Quand vous avez la littérature dans le sang...
Ce week-end, une amie m'a demandé comment vas-tu, tout sourire je lui réponds : il y a longtemps que je ne me suis pas sentie aussi bien, je suis d'humeur vagabonde.
La saynète se passait samedi, dimanche matin, au lever du jour, en buvant mon premier café et en écoutant le premier chant des oiseaux ce mot vagabonde était toujours présent à mon esprit, et j'ai eu envie de relire "La vagabonde de Colette". Mais que nenni, ce livre n'était plus dans ma bibliothèque, l'après-midi même j'ai eu l'occasion d'acquérir l'oeuvre complète en 3 volumes. Et c'est ainsi que voici la recension de ce délectable pèlerinage…
Renée Nérée, le double de Colette, est une femme qui a dépassé la trentaine et qui a « mal tourné » entendez par-là qu'elle a divorcé en 1906, ce qui était rare et que pour vivre elle est devenue mime de music-hall. Cette femme qui écrivait n'écrit plus : « Or, depuis que je vis seule, il a fallu vivre d'abord, divorcer ensuite, et puis continuer à vivre…Tout cela demande une activité, un entêtement, incroyables… »
Avant de se décider à franchir le pas de la séparation avec un homme qu'elle a aimé, et qui lui a fait subir trahison, tromperies, et bien d'autres affronts, elle avait sa place dans le beau monde, même si beaucoup préférait lui donner du « Madame Renée » plutôt que le nom de son mari. Il lui en a fallu du courage, et du renoncement, car les amis restent toujours du côté du Mâle.
Elle a rompu avec son ancienne vie et quand, en ce mois de décembre, froid et humide, elle se retrouve seule elle se remonte le moral comme elle peut : « le hasard, mon ami et mon maître, daignera bien encore une fois m'envoyer les génies de son désordonné royaume. Je n'ai plus foi qu'en lui, et moi. En lui surtout, qui me repêche lorsque je sombre, et me saisit, et me secoue, à la manière d'un chien sauveteur dont la dent, chaque fois, perce un peu ma peau… »
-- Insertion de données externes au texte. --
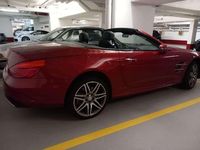 Gebraucht Mercedes SL500 AMG line 455 PS (334 kW) 2018 Rot Cabrio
Voilà que surgit un admirateur jeune et beau, riche, plein d'assurance, quelle tentation !
Mais Renée a une vision nouvelle de la séduction, par le prisme des débris de son ancienne vie et l'exotisme de sa nouvelle vie d'artiste.
« Quoi qu'il essaie, je lui réponds brièvement, ou bien j'adresse à Hamond la réponse destinée à mon amoureux… Ce mode de conversation indirecte donne à nos entretiens une lenteur, une fausse gaîté, inexprimables… »
Mais va-t-elle renoncer à sa liberté toute neuve ?
J'ai fait cette lecture avec à l'esprit le regard de Colette, ce regard si particulier qui étonne sur chaque photo.
Eh oui, elle disait « il faut voir et non inventer » et ses écrits sont empreints de ce regard affranchi, surprenant, aigu, spontané.
Son art du portrait humain ou animalier est admirable, j'ai adoré découvrir les dessous des milieux artistiques de l'entre-deux guerres. Les descriptions toute en finesse des états d'âme, des difficultés de chacun, de la fierté qu'ils mettent tous à cacher la misère et l'incertitude du lendemain, a course au cacheton… Les surnoms qu'elle donne sont désopilants.
Elle sait d'un adjectif, d'un trait d'humour vous faire voir la gestuelle, la pose de chacun, avec tendresse ou cruauté.
Son analyse de la situation des femmes est d'une actualité presque irréelle.
Son écriture est tellement intemporelle, audacieuse et fine que sa narration ne semble pas dater de plus d'un siècle.
Un roman d'une beauté sensuelle remarquable, un plaisir de lecture incomparable.
Chantal Lafon-Litteratum Amor 24 avril 2018.